• **Information supplied**
________________

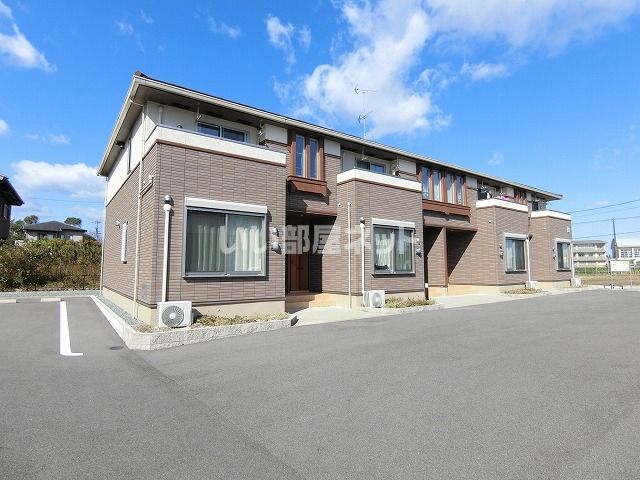 近鉄名古屋線 津駅 バス乗車時間：36分 最寄りバス停で下車 徒歩3分 築10年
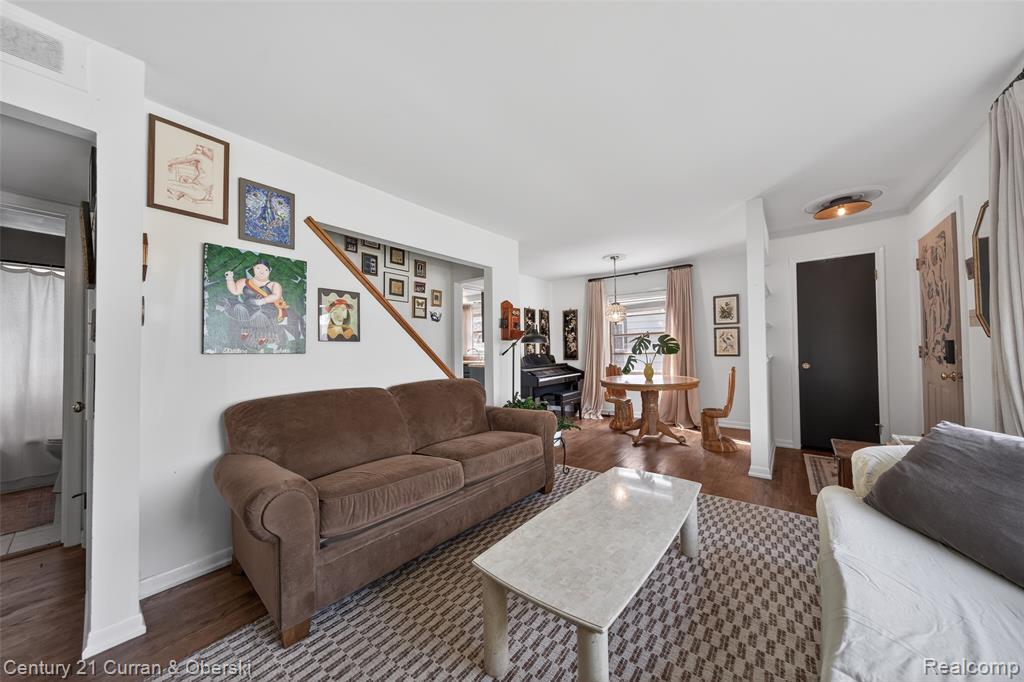 725 S Manitou Avenue, Clawson, MI — Photo 13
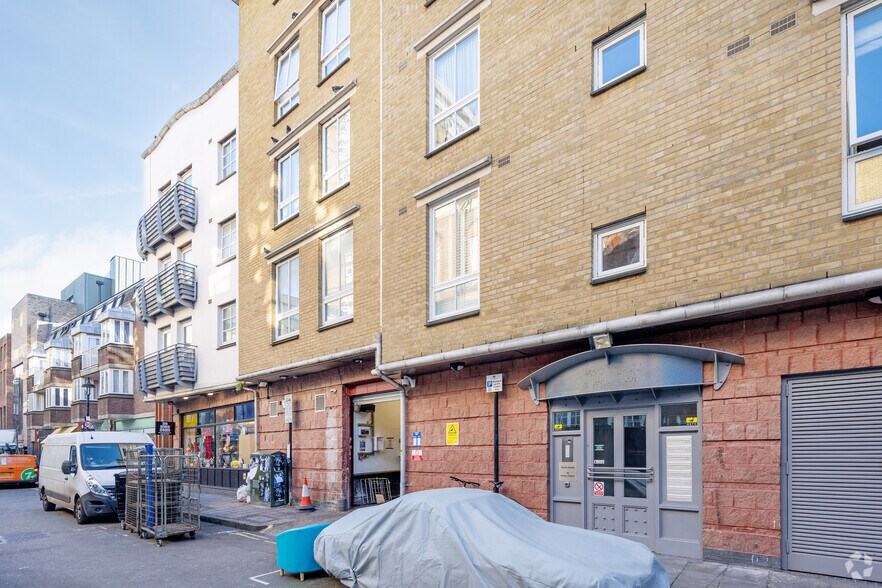 22 Peter St, Londres à louer - Photo de l’immeuble – Image 2 sur 3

________________

• **Your assignment**
In the copy, include exactly the lines from the one with "725 S Manitou Avenue, Clawson, MI — Photo 13" through the final line of the data, both ends included, and no pictures.

• **The completed task**
 725 S Manitou Avenue, Clawson, MI — Photo 13
 22 Peter St, Londres à louer - Photo de l’immeuble – Image 2 sur 3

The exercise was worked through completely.